Intelligent Pre‑Loan Risk Control: Multi‑Loop Feedback Model, AutoML Controller Selection, Unsupervised Feature Extraction, and Metric Design

Akulaku, a Southeast Asian e‑commerce and fintech company, faces increasing pressure on its risk control system due to rapid growth in users, transactions, and business complexity. To address this, the company adopts two guiding principles: prioritize pre‑loan risk control and adjust it as promptly as possible.

Business Background

Founded in 2016, Akulaku reached 33 million registered users by 2020, leading to significant strain on its risk control infrastructure across pre‑loan, in‑loan, and post‑loan modules, each comprising credit flow, risk flow, and model flow.

Problem Analysis

The existing serial risk control process is modeled as a feedback (closed‑loop) system with four components: controlled object, controller, control algorithm, and feedback device. The system is abstracted into a linear ordinary differential equation to simplify analysis.

Practical constraints reveal that feedback only from post‑loan stages leads to delayed fraud detection and missed mitigation opportunities, prompting a shift to multi‑loop nested feedback control.

Solution Overview

1. Control Component Selection : The feedback control components map to risk‑control stages—controlled object (risk stage), controller (thresholds or switches), control algorithm (adjustment logic), and feedback device (output‑to‑input mapping). The solution emphasizes fault detection, localization, alert delivery, and recovery using AIOps techniques such as time‑series classification, anomaly detection, and root‑cause analysis.

2. AutoML‑Driven Controller Generation : AutoML trains fuzzy‑rule models that act as neural‑network controllers, fitting nonlinear differential equations while preserving interpretability. Data augmentation via a CNN‑based pipeline and Bayesian hyper‑parameter optimization mitigates small‑sample challenges.

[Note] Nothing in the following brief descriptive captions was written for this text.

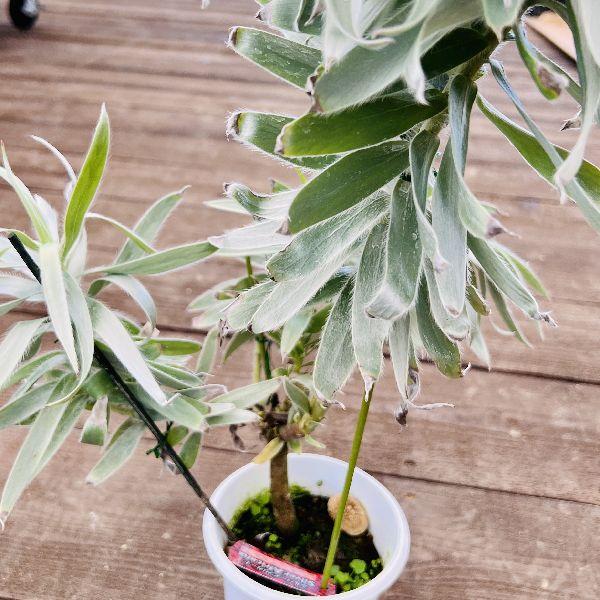 おしゃれ 希少品種 観葉植物 オーストラリアンプランツ リューカデンドロン シルバーアフリカーナ 4号 F4801v 遊恵盆栽 Yahoo 店 通販 Yahoo ショッピング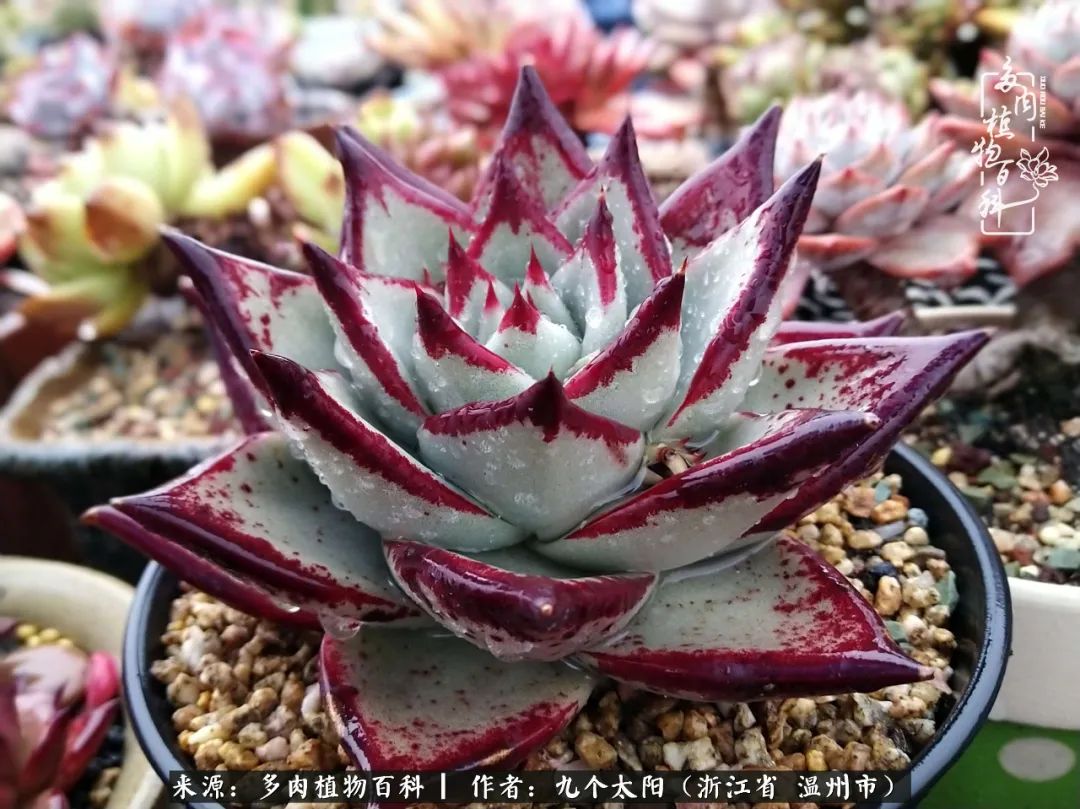 景天、球和龙舌兰，只要是多肉，都喜爱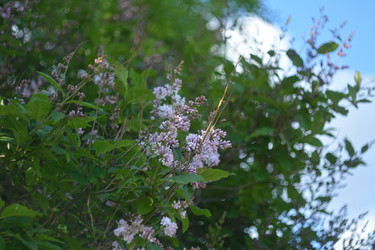 Similar image 21649482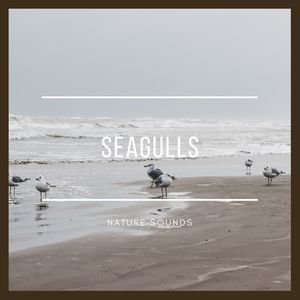 Seagulls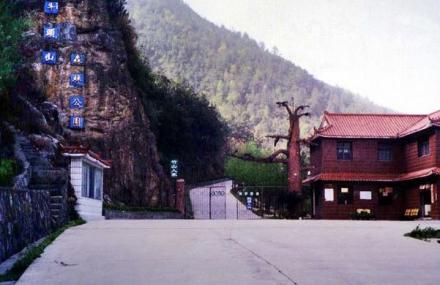 十堰牛头山森林公园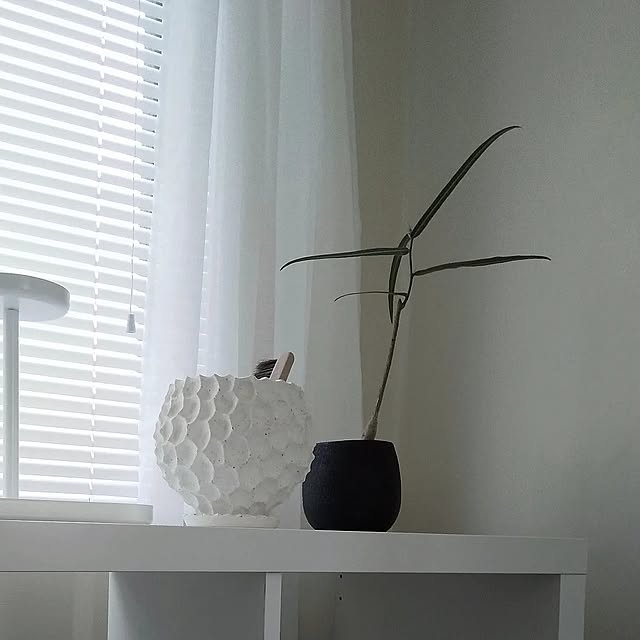 muuuuu-24さんの部屋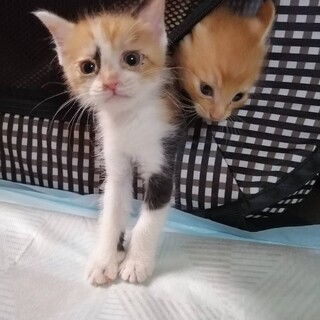 スクスク元気なミケちゃん♪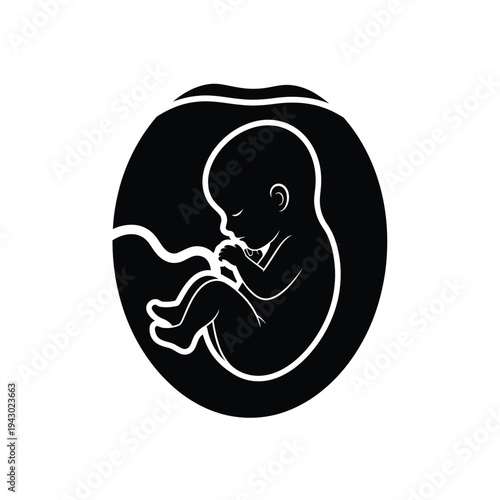Fetus in womb silhouette.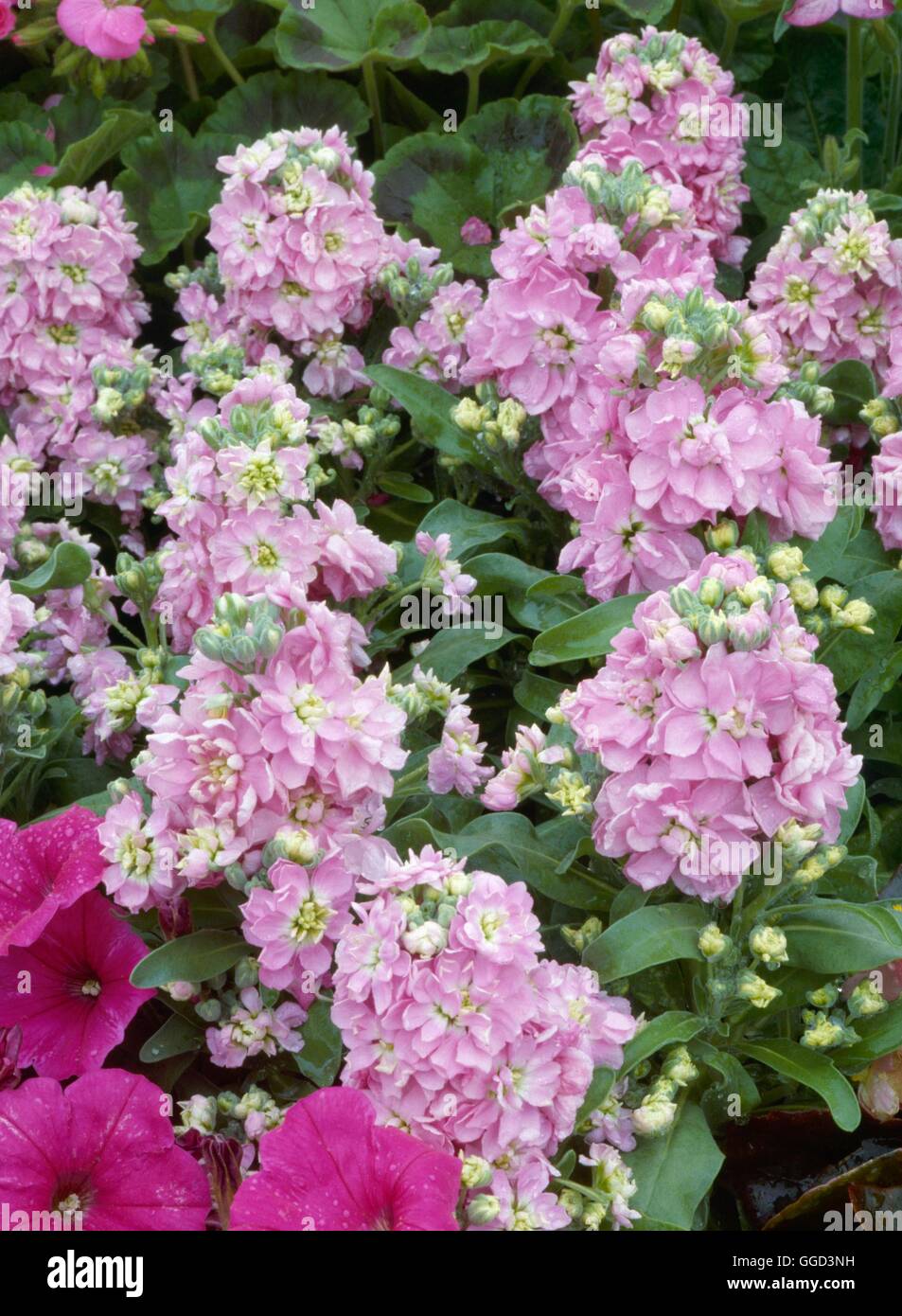 Stocks - `Cinderella Rose'- - (Matthiola incana) (Early-flowering/dwarf/double)   ANN052782     Phot Stock Photo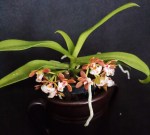 Gastrochilus acutifolius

3. Unsupervised Feature Extraction : Sequential ensemble techniques generate pseudo‑labels, while isolation‑forest depth serves as a proxy metric. Mutual information is approximated using Jensen‑Shannon divergence to detect noisy samples without labels.

4. Metric Quantification System : Input and output metrics are defined for each flow (amount, count, ratio). Control and feedback quantities are derived from model outputs and evaluated using filter, wrapper, and embedded methods (e.g., LASSO, tree‑based importance, deep k‑means).

Future Outlook

The authors propose a human‑machine optimal recommendation system based on metadata collection and controller deployment, and suggest moving from reactive post‑loss mitigation to proactive feedback‑driven control. They also discuss the limits of convex optimization in complex systems and advocate meta‑learning approaches to directly learn optimization algorithms.

In summary, the multi‑loop feedback control architecture, combined with AutoML, unsupervised feature extraction, and a robust metric system, aims to enhance the stability, steady‑state accuracy, and dynamic responsiveness of Akulaku's intelligent pre‑loan risk control.